Afterwards, when we went to the Angelika to watch a film, I saw a sign for Greene Street. I felt like mentioning that during college, I worked in a French boutique on that street. This boutique dealt almost exclusively in white button-downs. The more elaborate ones, say they had ruffles made of organza, could cost upwards of $600. We pressed these blouses by hand, on an ironing board in a corner of the store. But all of this felt random to the moment and I kept it to myself. Two nights later, my manager at the boutique, Dahlia, visited me in my dreams. She had gone into the business of shaping eyebrows and was glad to see me. Sometimes, when you come across a ghost, it will follow you for a little while. Just this morning, I found myself using one of Dahlia’s signature lines from back then: “Maybe I keep you.”
Reading Thomas Bernhard’s memoir Gathering Evidence, the following reflections on Salzburg resonate within me because they capture the feeling of how a place acts on you as much as you act on it, if not more:
And it is here that I am at home, here on this lethal soil from which I sprang.
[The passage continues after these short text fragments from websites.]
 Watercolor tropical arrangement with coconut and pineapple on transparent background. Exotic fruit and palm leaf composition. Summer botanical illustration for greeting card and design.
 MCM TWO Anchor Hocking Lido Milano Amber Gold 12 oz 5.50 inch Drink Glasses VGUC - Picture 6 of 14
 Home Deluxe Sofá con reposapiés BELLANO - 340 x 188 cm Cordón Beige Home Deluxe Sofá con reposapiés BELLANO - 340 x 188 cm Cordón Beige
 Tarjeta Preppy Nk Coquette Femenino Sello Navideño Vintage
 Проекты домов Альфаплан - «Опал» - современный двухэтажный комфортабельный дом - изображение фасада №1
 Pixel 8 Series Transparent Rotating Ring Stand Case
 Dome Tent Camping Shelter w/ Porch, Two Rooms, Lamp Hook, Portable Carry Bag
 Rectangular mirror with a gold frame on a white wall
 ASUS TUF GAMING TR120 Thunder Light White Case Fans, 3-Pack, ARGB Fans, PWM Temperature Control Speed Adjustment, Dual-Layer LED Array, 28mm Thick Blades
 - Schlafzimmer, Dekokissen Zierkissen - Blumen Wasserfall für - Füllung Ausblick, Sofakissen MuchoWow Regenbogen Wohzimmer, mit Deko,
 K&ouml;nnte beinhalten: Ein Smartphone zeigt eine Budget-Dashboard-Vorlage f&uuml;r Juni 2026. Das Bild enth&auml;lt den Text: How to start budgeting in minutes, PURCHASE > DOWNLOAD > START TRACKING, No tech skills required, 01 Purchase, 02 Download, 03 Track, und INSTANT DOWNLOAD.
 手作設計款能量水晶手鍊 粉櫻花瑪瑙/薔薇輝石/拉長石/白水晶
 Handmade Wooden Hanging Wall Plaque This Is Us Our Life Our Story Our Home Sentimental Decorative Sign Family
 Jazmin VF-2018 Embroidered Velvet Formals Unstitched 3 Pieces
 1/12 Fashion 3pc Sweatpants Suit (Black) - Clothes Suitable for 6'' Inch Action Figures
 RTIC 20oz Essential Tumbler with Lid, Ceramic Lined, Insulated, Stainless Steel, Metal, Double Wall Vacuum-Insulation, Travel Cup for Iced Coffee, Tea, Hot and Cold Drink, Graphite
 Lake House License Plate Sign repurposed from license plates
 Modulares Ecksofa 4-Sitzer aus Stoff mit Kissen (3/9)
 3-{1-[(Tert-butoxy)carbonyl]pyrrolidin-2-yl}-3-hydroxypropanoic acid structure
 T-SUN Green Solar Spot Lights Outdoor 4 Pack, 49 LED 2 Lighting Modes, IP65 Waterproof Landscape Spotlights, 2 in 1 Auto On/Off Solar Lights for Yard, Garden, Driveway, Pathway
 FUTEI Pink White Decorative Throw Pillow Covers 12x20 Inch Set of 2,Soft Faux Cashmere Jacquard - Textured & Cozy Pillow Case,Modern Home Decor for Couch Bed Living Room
In this city and its surroundings I am more at home than others; and whenever I walk through the city today, imagining that it has nothing to do with me because I wish to have nothing to do with it, the fact remains that everything about me, everything within me, derives from this city. I am bound to it by a terrible, indissoluble bond. My whole being has its origin in this city and this landscape. Do what I will, think what I will, I become more and more conscious of this fact, and one day this consciousness will grow so intense that it will destroy me. Everything within me is at the mercy of this city of my origin.
There can be violence or love in how we’re held by a place. I can easily get teary-eyed for New York just thinking about what it might be like to leave it. I keep returning to a nostalgia that hasn’t even come to pass because I know what I find there. And what I find there are subtle notes of sweetness.
In last week’s newsletter, I wrote a bit about an interview with the poet Alice Oswald in The Paris Review, no. 254. There was something else Alice said that caught my attention, that propelled the energy behind this post:
There was a woman called Miss Waters, who lived up the lane. She’d never been further than the next-door village […] I used to go up the road just to talk to her, and during one of these conversations she broke off because she’d heard a bumblebee go into a foxglove and change the tone of its buzz. She said, “Did you hear that? I love that sound.” I remember thinking, If you don’t move away from a village, that’s the sort of thing you notice. I made a determination at that point that I wanted to be that sort of person.
During the hour we waited to get into the tea house, which is “so New York,” as Gael put it, we searched for a thrift store nearby on Google Maps. When we came upon it, he recognized the shop before I did and said we had been there before, when we were looking for Halloween costumes. Inside, he headed toward one of the racks and held up a blazer.
“Remember?” he said, turning to me, “It’s the one I tried on last time.”
I laughed and replied, “I can’t believe it’s still there.”